You may know that your team or company is not collaborating well remotely, but you may not fully understand why. Before you start implementing changes, consider the obstacles that may be standing in your way to effective collaboration. Here are some common workplace challenges your team may face: 

No one agrees on what remote collaboration means

Everyone understands by now what it means to work remotely, while even hybrid work concepts have become common. But when it comes to giving a definition of remote collaboration, things can get confusing. How does remote collaboration work at your company? How can remote employees participate effectively in workshops and meetings? What ways will they communicate? These questions can help identify what processes are needed for sustainable remote collaboration. 

Too many tools

Everywhere you look, it seems like there’s another new tool to help you communicate with remote workers and collaborate across geographies. And, chances are, everyone will have their own opinion about which one is the best. But adopting too many tools, too quickly, can only make things more confusing — and costly. Instead, it’s important to take some time to evaluate which tools and services are best suited to your own remote team collaboration needs. 

Time zone woes

Remote work collaboration makes it possible for teams across the country, and even the world, to quickly share insights on the same project — that is, if they can figure out how. What happens when no one can agree on a time to meet? How will work get done when you’re six hours (or more) apart? Being upfront about these obstacles can help you come up with some compromises, and may even lead to outside-the-box solutions, such as asynchronous work.

2. Build trust and empower your team to do their best work

When a plant dies, you don’t blame the plant. You blame factors like too little water and not enough sunlight. You blame the environment around the plant. For a team to succeed, they need to be working in an environment that empowers and illuminates them. Here are three ways you can do just that:

Build empathy and understanding

Everyone’s working environment is different. Some people may be in close quarters with a partner or roommate, while others may have kids doing remote learning.

Understanding everyone’s unique situations can help you answer questions like, how often will you meet as a team? What are everyone’s working hours? What are the expectations around email and chat response times? Effective collaboration in remote teams depends on making sure everyone is on the same page.

📙 Use our Work-Life Impact template, created by our friends at Atlassian, to build empathy within your team and identify the right support for everyone through changing and challenging work experiences.

Work-Life Impact Template

Create a shared vision of success

Build a shared understanding of how your team works together.
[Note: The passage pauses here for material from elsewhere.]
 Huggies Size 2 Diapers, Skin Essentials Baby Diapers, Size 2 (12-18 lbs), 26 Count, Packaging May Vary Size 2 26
Make sure everyone has a clear vision of the team’s shared values and goals, as well as how each individual will contribute.

📙 Our Team Charter template helps outline the essential elements of your team's communication and define a set of concepts and skills that focus and guide your team. Set aside time to complete this template together. 

Team Charter Template in MURAL


Build a positive meeting cycle

There are a lot of ways a meeting can go wrong — it lacks a clear purpose, one person monopolizes the conversation, or the attendees are unengaged. When you’re working with a remote or hybrid team, meetings need to be balanced and energize the group — not stifle engagement. More on this in a minute.

📙Use the Your Next Meeting template to lead a team warmup, collaboratively take notes, and keep your meeting on track.

Your Next Meeting Template

3. Facilitate successful meetings

Meetings don’t have to feel boring. Change the way distributed teams connect and collaborate with this simple framework.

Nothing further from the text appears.